Based on "dirt roads mostly" and "smaller sets of stairs" - I think you'll have to stick with a moutain bike.

If you do gravel roads, coming off curbs (but not fast), and travelling around town, I would suggest a cyclocross over a Trek 7.2 FX. I see the "fitness" line as purely for fitness and really doesn't do any one thing well - too heavy for good cross town bike, not built for heavier trails, not as good as a road bike for hill's.

Hope this helps.


----------



## Fredrico (Jun 15, 2002)

*Yeah, cyclocross!*

Here's a few to give you an idea of what's out there.

http://trailblazersbike.com/itemlist.cfm?category=46

I've seen a few happy riders on cyclocross bikes. They have 35C tires, enough room for fenders and racks, are geared low for climbing fire roads, and light enough for "competition."

I know a guy who's pleased as punch with the Fuji Cross Comp pictured below.


----------



## deaklematter (Jan 14, 2008)

i really like the idea of cyclocross, however my budget is $600ish, and i can get a trek 7.2 for $420...


----------



## Fredrico (Jun 15, 2002)

*Go for it.*



deaklematter said:


> i really like the idea of cyclocross, however my budget is $600ish, and i can get a trek 7.2 for $420...


It'll work. You pay for weight (less weight, more money!). If you're riding short distances, the one position handlebars won't give your arms restless leg syndrome, and its fully capable of bouncing over steel plates, potholes and dirt fire roads.

Solid fork hybrids are unusual. Most have shock forks, which adds yet more weight in a bad place. Is that a shock absorber on the seatpost?

You're dealing with an elitist roadie crowd here, who might consider any bike worth less than a thousand, well, worthless. Lots of folks get around on hybrids and like them alot. They just aren't great for long distances (only one hand position, too heavy) or for intense fitness riding (sitting up too high, awkward pulling on the handlebars to counteract pushing down hard on the pedals). Drop bar roadbikes, like the cyclocross mentioned, are much better positioning for all-out riding, and you can move around on them to be comfortable on longer rides.


----------



## deaklematter (Jan 14, 2008)

i think i will...i just wanted to get a neutral party's opinion, so thanks!


----------



## mmorast (Oct 22, 2007)

*Good bikes*

My girlfriend bought one before she got all road crazy and bought one of those too. It is a good bike that she was easily able to do 30-ish miles on at a 15mph-ish pace. Note that this was her first bike, but is already in shape.

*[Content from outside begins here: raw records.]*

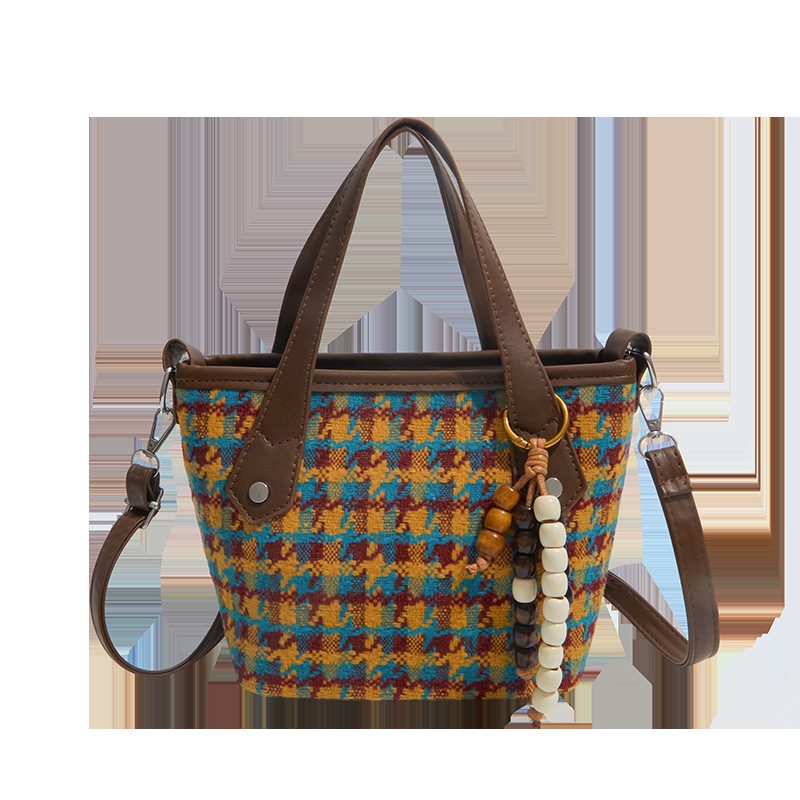 Plaid Large Tote Bucket Shoulder Bag view 5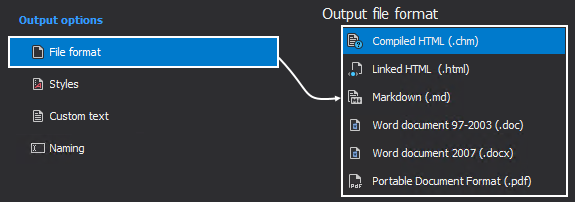 Select desired file format in which database documentation will be generated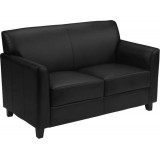 HERCULES Diplomat Series Black Leather Love Seat [BT-827-2-BK-GG]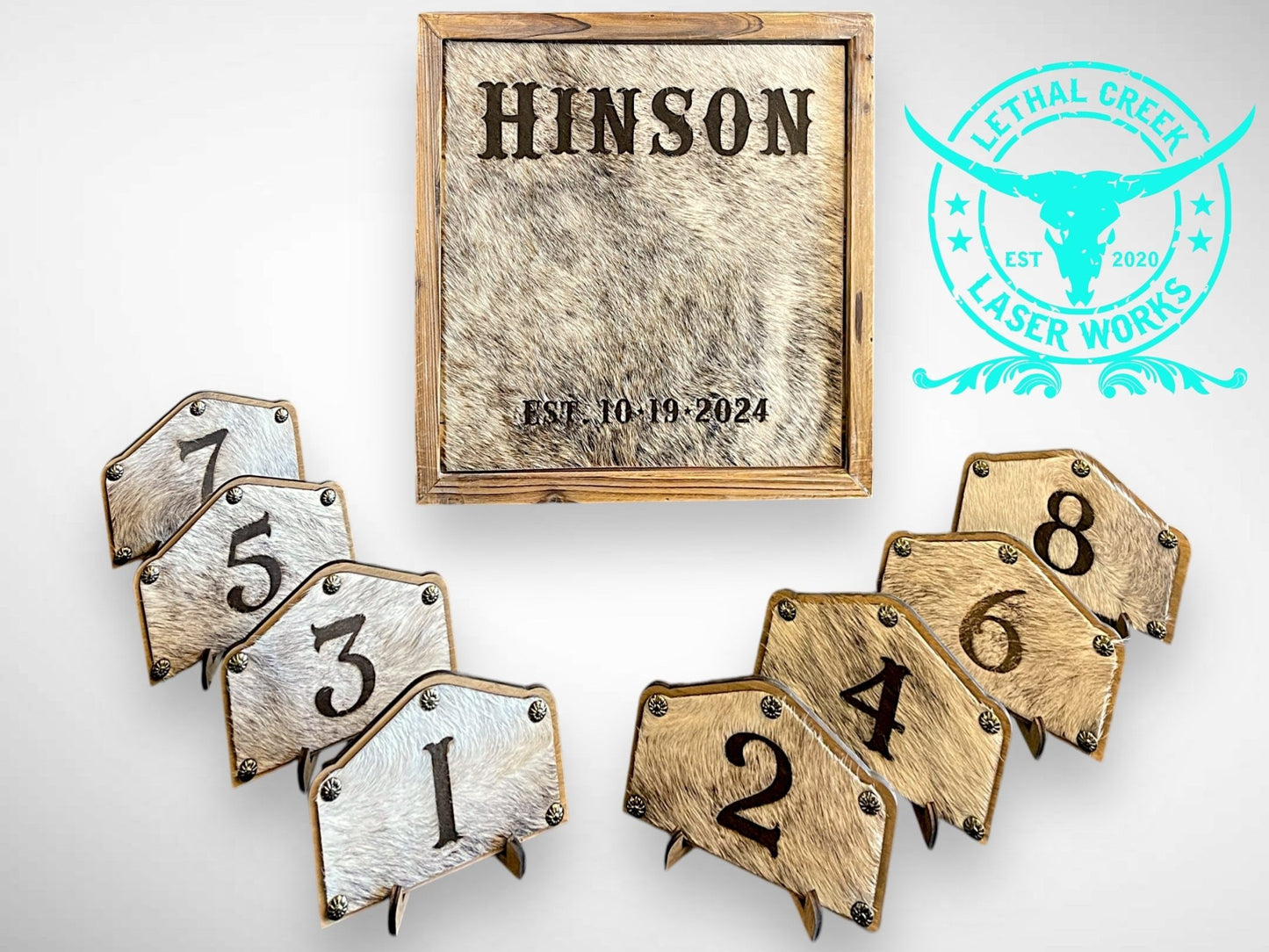 BRANDING COWHIDE FRAME & TABLE NUMBERS -  custom laser engraved cowhide and leather western decor by Lethal Creek Laser Works LLC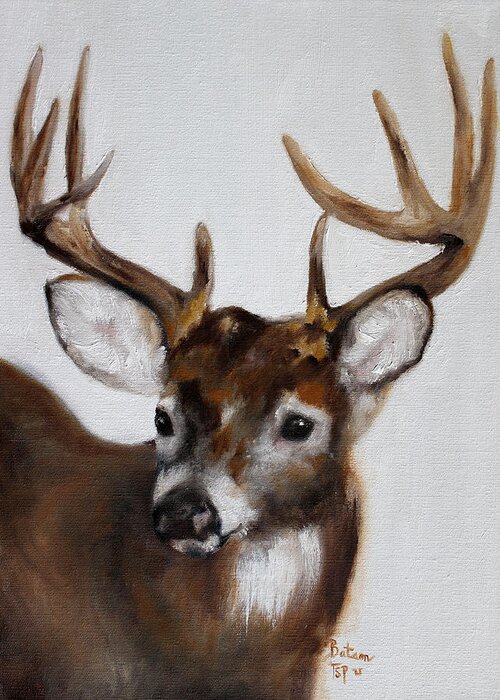Wildlife Greeting Card featuring the painting Whitetail Deer by Barbie Batson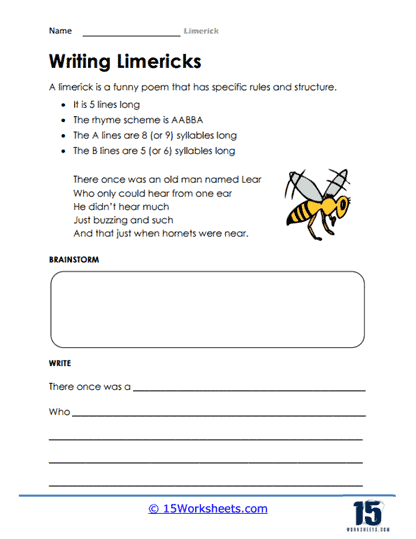 Engaging limerick writing exercise for third graders on worksheet page sixteen Third grade student completing the Write Your Own Limerick worksheet to learn limerick structure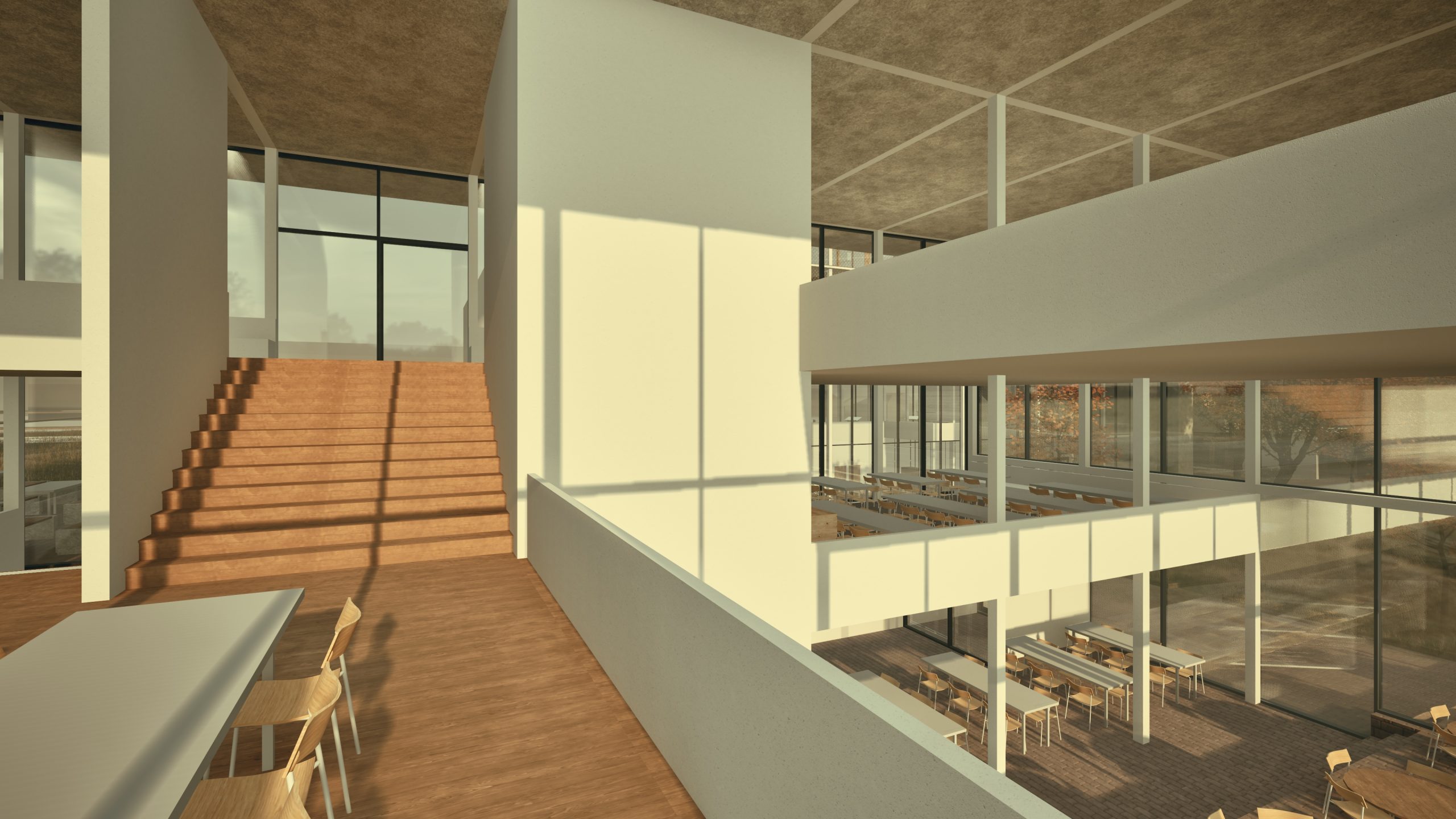 Perspektive eines mehrgeschossigen Innenraums mit Treppe und Arbeitsplätzen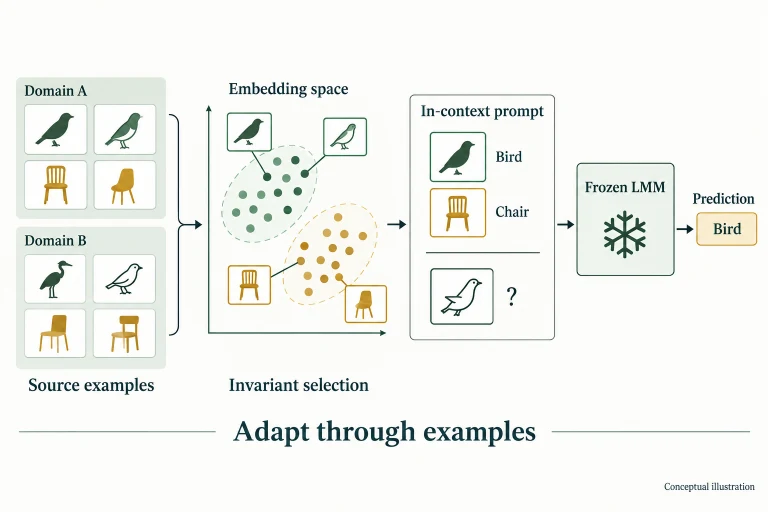 Conceptual diagram: Train a vision encoder with class-conditioned contrastive invariance to select stable demonstrations for a frozen large multimodal model under domain shifts..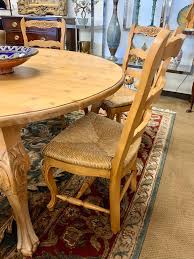 Maybe you would like to learn more about one of these? Carved Pine Farm Table And Six Matching Chairs Round Farmhouse Dining Set For Sale At 1stdibs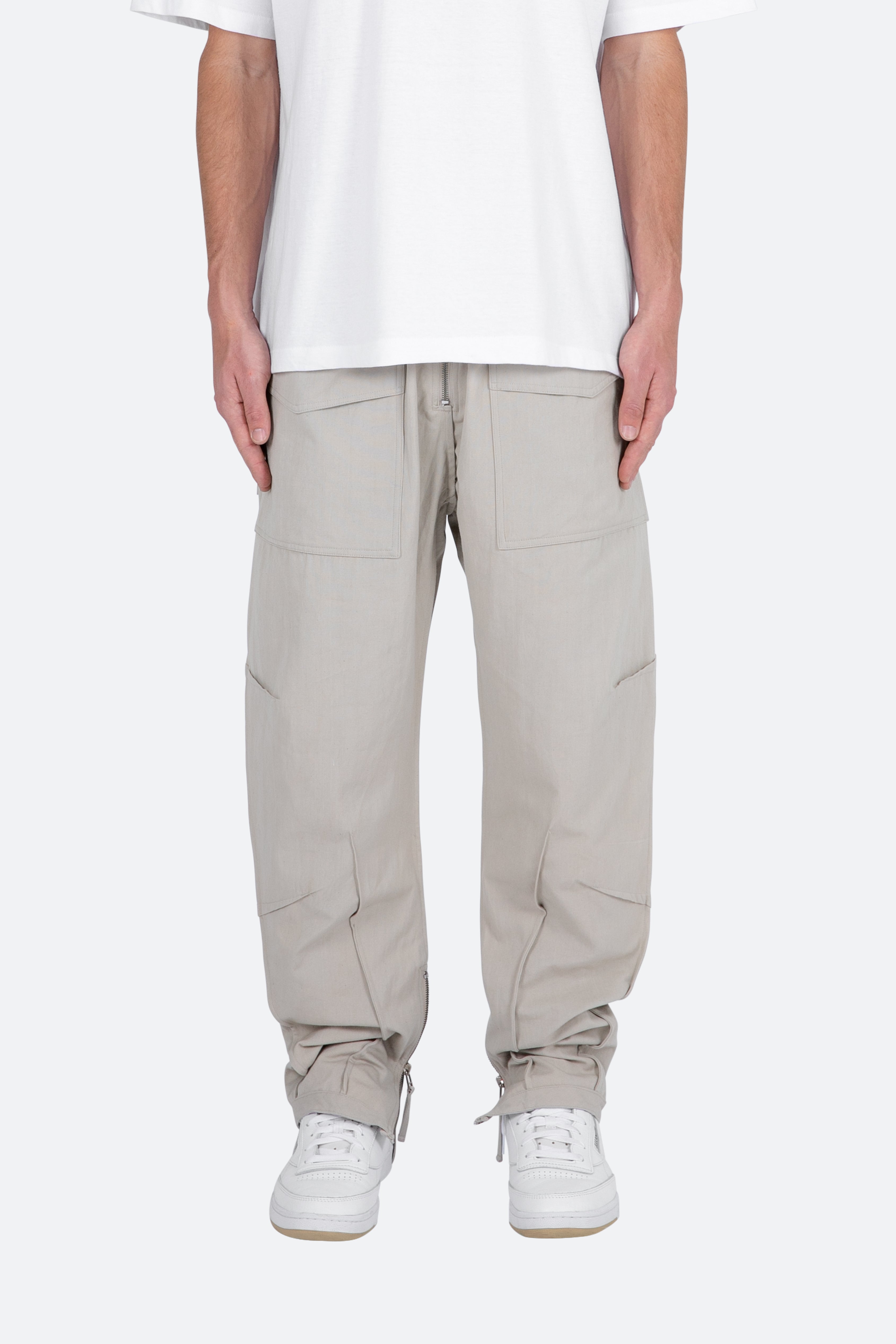 Multi Zip Cargo Pants - Stone | mnml | shop now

I would not go jumping curbs and stairs at major speeds, but it will handle all you listed. It has 700x32 tires on them so those will handle most of the terrain you are talking about, but be careful on the dirt as most of these are sold with tires that have no tread. Thus they might not always have the most sure footing. The frame is beefier more like a mountain frame, but not as beefy, and for the road part of the ride the carbon fork works nice.

I agree that they are heavier bikes, and have limited handle positions. Though for short commuting type distances this is not a problem, and with the gearing these have the longer (see again the 30miles mark) is not that bad. You are not going to be a speedster on one of these, but it does a decent job as an all around. 

I would say that it would be worth the $420ish you were saying you would pay. Just remember it does not excel in any area so it will just be a moderate all around bike. So us it in moderate situations and do not try too many extremes.


----------



## averen (Jan 1, 2008)

Personally I would use your older Kona. Does it have suspension? I prefer a commuting bike that doesn't have suspension just because you can stand up on it and climb without the suspension taking away from your motion. If it's a suspension-less frame then that would be my first option...even if it needs some TLC.

I have an older Trek 820 that I've breathed new life into (14 year old bike). I added new shifters, and went to V-Brakes from the cantis, put on some street tires, a rack and rebuilt the hubs. It's an awesome commuter...the weight isn't an issue at all. I would try not to focus on the weight of the bike too much...even though this is a road forum and people like to get a little weight obsessed.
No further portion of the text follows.